But what exactly is Quest Pro? What new features and improvements will it have compared with the current Oculus Quest 2? No specific details are certain yet, but here’s what we know so far:
Quest Pro Is A Thing, But Not Launching This Year
The first indication of “Quest Pro” came in a February Instagram ask-me-anything (AMA) session hosted by VP Facebook Reality Labs Andrew Bosworth.
One questioner asked Bosworth: “Why can’t Oculus make a 600$ headset and put the best specs like Quest Pro 3 etc plz.”
He replied “Quest Pro, huh… Interesting…” and winked at the camera.
By April, Bosworth’s stance on “Quest Pro” became more solid. In a public conversation with “Consulting CTO” John Carmack, Bosworth remarked:
“People are also asking about the Quest 3, which doesn’t exist yet, and everyone who is listening to us who is a reporter there isn’t a Quest 3, there’s only a Quest 2, but I did hint at an AMA earlier this year about Quest Pro because we do have a lot of things in development where we want to introduce new functionality to the headset along the kinds that people theorize that we would want to introduce, and that’s a little ways off still.It’s still not gonna happen this year.
For those who are curious, Quest 2 is going to be in the market for a while – for a long while, and it’s gonna be, you know, I think the best bet for the most accessible way to get into VR and have a great experience.“
This month, Reddit user Reggy04found references to “Quest Pro” in the public Oculus firmware. But as of April, Quest Pro was “a little ways off” and not happening this year. Perhaps Quest Pro could come in 2022? We don’t know, and there’s a lot going on that could affect the plans of a company trying to ship a hardware product with new sensors inside.
Quest Pro Might Have Face & Eye Tracking
Bosworth’s answer mentioned a desire to “introduce new functionality”. In March, Facebook CEO Mark Zuckerberg described face & eye tracking as his most wanted feature for future Oculus headsets:
“One of the things I’m really excited about for future versions is getting eye tracking and face tracking in, because if you’re really excited about social presence you want to make sure the device has all the sensors to really kind of animate realistic avatars so you can communicate well.“
“On the VR side, I think the biggest things that we’re very focused on now are: how do you pack more sensors, to create a better social experience, into the device?

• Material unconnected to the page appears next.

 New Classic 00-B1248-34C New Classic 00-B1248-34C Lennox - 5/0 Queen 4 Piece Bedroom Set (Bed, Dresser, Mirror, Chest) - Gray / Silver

To run each sensor requires more CPU power and that generates more heat and creates all these different issues.
In June, YouTuber Basti564 found references to eye & face tracking services in the public Oculus Quest firmware. This month, Reddit user Reggy04found references to eye & face tracking calibration steps. While this doesn’t confirm Quest Pro will have these features, it seems to be a strong hint, given Zuckerberg’s comments.

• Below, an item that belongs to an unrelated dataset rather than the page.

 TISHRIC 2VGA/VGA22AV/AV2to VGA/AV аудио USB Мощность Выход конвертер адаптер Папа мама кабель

Eye tracking and face tracking could make multiplayer & social apps more realistic. Eye tracking also has other uses, such as improving VR throwing mechanics through the app understanding what you’re aiming at.

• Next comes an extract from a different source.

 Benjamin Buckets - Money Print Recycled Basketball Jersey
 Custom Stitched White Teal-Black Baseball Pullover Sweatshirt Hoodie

Quest Pro Might Have New Lenses
Android Central said in June it viewed a note from Ming-Chi Kuo claiming Facebook & Sony have ordered high quantities of new, more expensive VR lenses for 2022. Kuo is a TF International Securities analyst mostly known for sometimes predicting Apple products & moves over a year in advance.
Current VR lenses have a field of view roughly around 100 degrees wide. New lenses could mean Quest Pro has a wider field of view, area of clarity, or both. In an Instagram AMA back in March, Bosworth said he likes the idea of a taller field of view, which he claimed could be more impactful than wider.
Android Central’s headline names the headset as ‘Oculus Quest 3’, but the article notes the source isn’t actually claiming that.
Quest Pro Might Have Lens Depth Adjustment
Reggy04 also found in the Oculus firmware references to lens depth adjustment.
PRESS AND HOLD THE DEPTH BUTTON AND MOVE THE HEADSET CLOSER OR FURTHER AWAY FROM YOUR FACE. THE LENSES SHOULD BE CLOSE TO YOUR EYES, BUT NOT CAUSE DISCOMFORT.
Already present in headsets like Valve Index, lens depth adjustment allows you to move the lenses closer to, or away further, from your eyes. Closer results in a wider field of view, but might be less comfortable.
Note that lens depth adjustment is a different thing from precise lens separation adjustment. Lens separation adjustment refers to changing the distance between the lenses of a VR headset and it is a feature on the original Rift and Quest as well as on the HTC Vive and Valve Index. At the time of this writing, there’s no evidence either way about whether Quest Pro will have precise lens separation adjustment.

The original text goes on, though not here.